Sigo cuestionando ¿Qué aportar a quienes se forman profesionalmente en un área que no es la mía? ¿Cómo satisfacer a quienes, regularmente, esperan aportes académicos o de práctica laboral en su formación profesional? Ellos, estudiantes de contaduría; yo, abogado y politólogo.
No obstante lo pertinente de todas las interrogantes, voy tranquilo, convencido de la necesidad de poner las coincidencias por encima de cuanto pueda hacernos diferentes. No voy con la pretensión de enseñar nada y sí, con la convicción de siempre, de compartir mucho. No asisto con la necesidad de reconocimiento público y sí con la urgencia de despertar conciencias; una o dos serían suficientes.
Y es que la brega del despertador es hoy, más que en ningún otro tiempo, difícil, lenta y por ello tiene que ser paciente y esmerada. Tengo una idea firme, definida en relación al cambio. Para cambiar las cosas se necesita poder. Las palabras están llamadas a ser fuente de poder. Y ninguna generación como la que tendré frente a mí es portadora de ese poder transformador. Los jóvenes difícilmente tienen algo más que sus palabras y esas palabras son vehículo de sus sentimientos, de sus pensamientos, de sus vocaciones, de sus afanes y sus visiones. Solo que esas palabras están en la mayoría de ellos, dormidas.
En cada joven hay un discurso dormido y en la suma de todos ellos está el germen del cambio, de la transformación. “Ser joven y no ser revolucionario es una contradicción”, dijo Salvador Allende, solo que la revolución de hoy prescinde de las balas y urge de las palabras. No hay acción si antes no hay palabras.
Cada joven lleva un discurso a cuestas, un discurso sin pronunciar.
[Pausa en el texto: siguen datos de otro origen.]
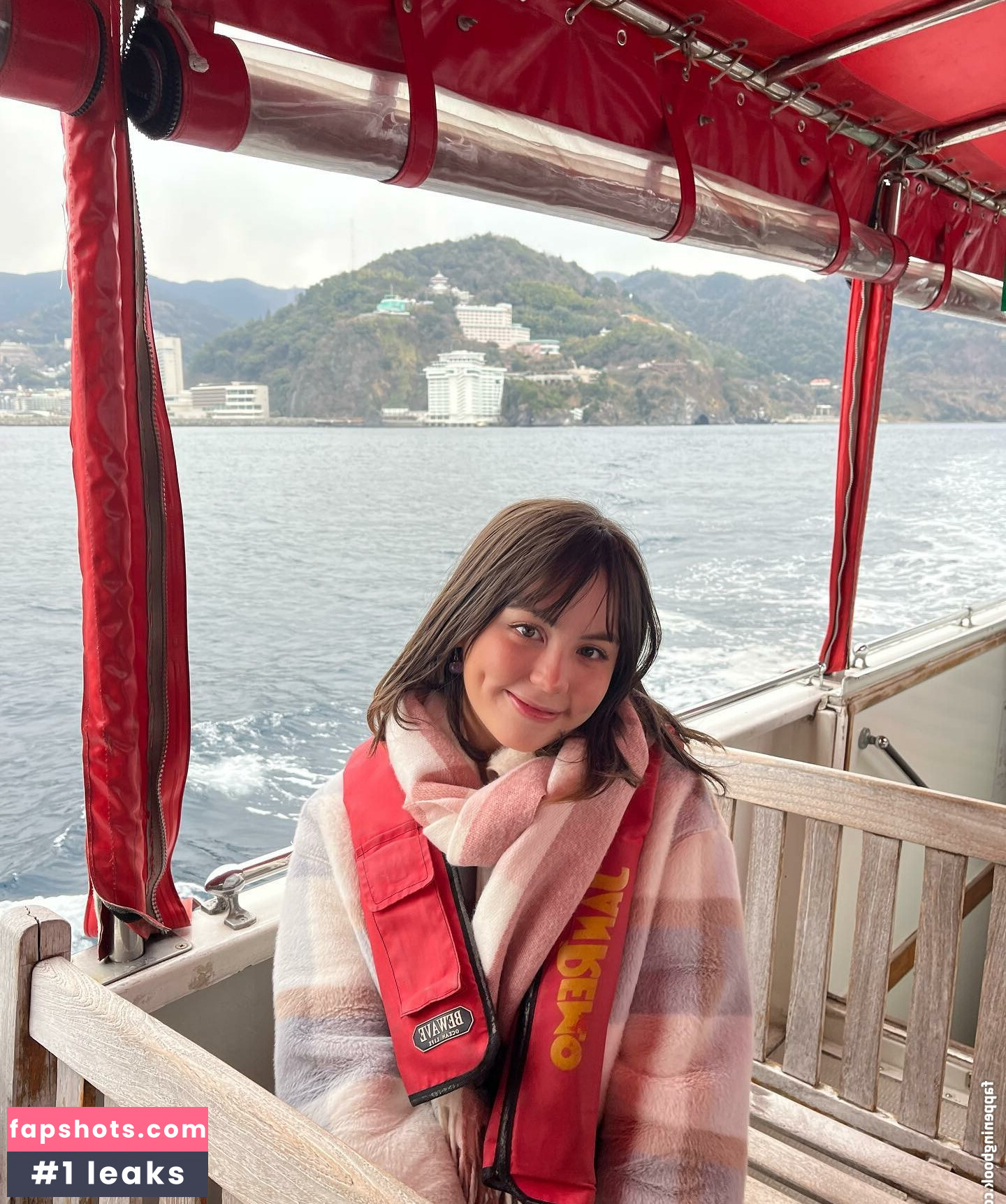 ASMR BlueKatie Nude Leaks OnlyFans Photos #93 - LeakJerk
La peor tragedia para un joven es nunca haber pronunciado el suyo propio. No basta con hablar o escribir; es menester hacerse escuchar, hacerse leer. Un discurso sirve, solo en función del destinatario. Lo más fácil puede resultar aprender a hablar o aprender a escribir. Lo realmente difícil es hacerse escuchar, hacerse leer… dejar huella.
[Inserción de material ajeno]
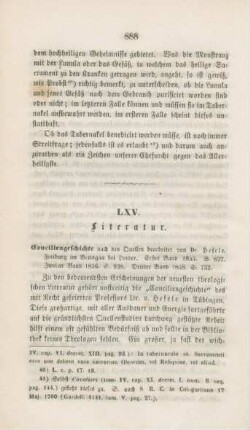 888-896 Rezensionen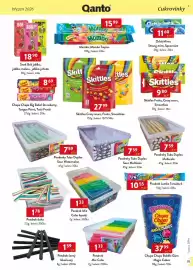 Astur&Qanto leták Strana 111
Los jóvenes son, por excelencia, portadores de la inconformidad, del disgusto. Progresistas por naturaleza, rechazan el estado actual de las cosas; amantes de las libertades, son perspicaces observadores y acuciosos buscadores de represiones e injusticias. ¿De qué sirve si no se habla y no se escribe? ¿De qué sirve si no se hace leer y no se hace escuchar? ¿De qué sirve si el discurso nace muerto con la ausencia de caminos qué transitar, ayuno de propuestas? Hablar y escribir solo diatribas e infundios es igual a no hablar, es lo mismo que no escribir.
Los jóvenes, nuestros jóvenes, son presa del peor de los miedos. Tienen miedo a hablar y a escribir; no se diga a hacerse escuchar o a hacerse leer. El peor enemigo de la juventud es la misma juventud que se auto anula, se auto censura. Y es así porque los pocos que se atreven a pronunciar y escribir palabra gritan solo su rabia, su inconformidad, sin una idea clara de señalar caminos. El egoísmo los mueve, alivian fugazmente sus frustraciones sistemáticas sin darse cuenta que no basta con expresarse, sin ser conscientes de que es necesario dejar huella.
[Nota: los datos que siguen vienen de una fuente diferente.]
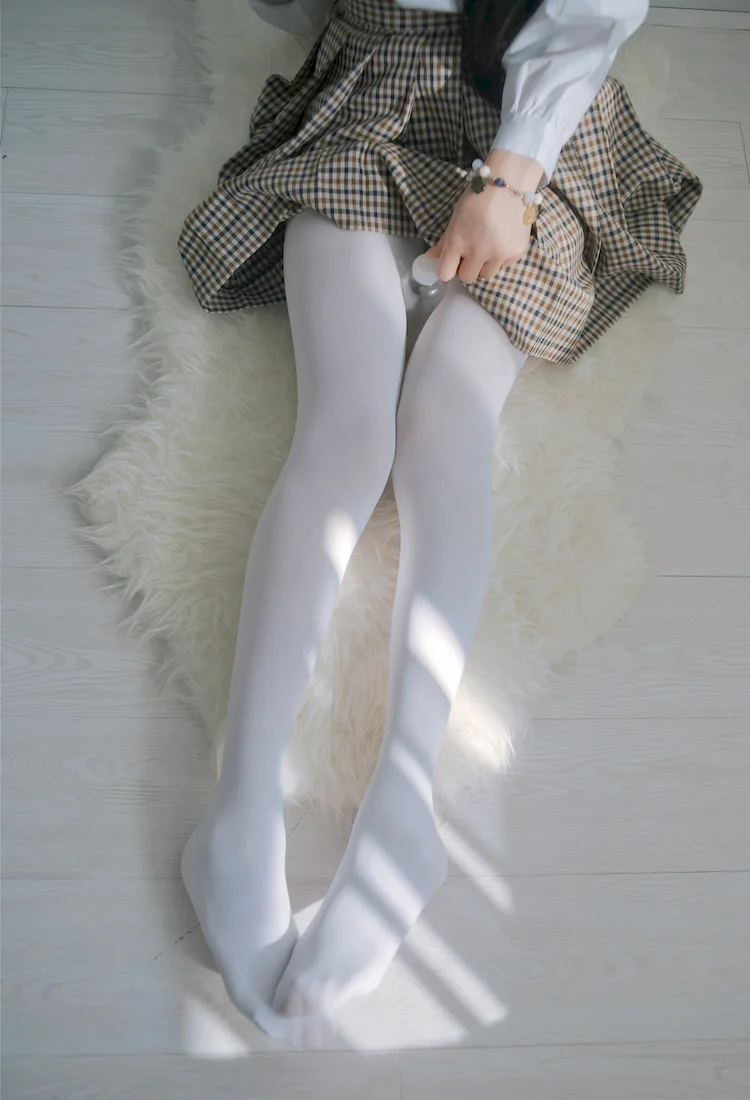 木花琳琳是勇者 116套 丝足作品 [完整原版][持续更新]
“Los pueblos que no hablan se suicidan” y nuestro pueblo ha dejado de hablar.
Las palabras son un factor de poder y la juventud no usa las palabras para lo que sirven.
De eso y más hablaremos dentro de unas horas. Nos pondremos de frente. Cada uno será un espejo y la imagen en cada uno reflejada, será nítida expresión de lo que no deben seguir siendo: jóvenes reactivos que al no ser parte de la solución siguen siendo parte del problema.
La culpa de los males de este país y de este estado no es enteramente de quienes nos gobiernan. Lo es en parte, también, de una generación egoísta que se satisface en la pirotecnia de las descalificaciones.
Es posible cambiar las cosas. Los jóvenes no deben ser más, portadores de esperanza; deben ser portadores de poder transformador, del poder de las palabras.
José Enrique Rodó escribió en 1900 que hablar a los jóvenes era un género de oratoria sagrada. A más de un siglo de distancia ese pensamiento permanece vigente. Con esa idea, vuelta convicción, llegaré en unas horas a mi universidad y esas serán mis primeras palabras.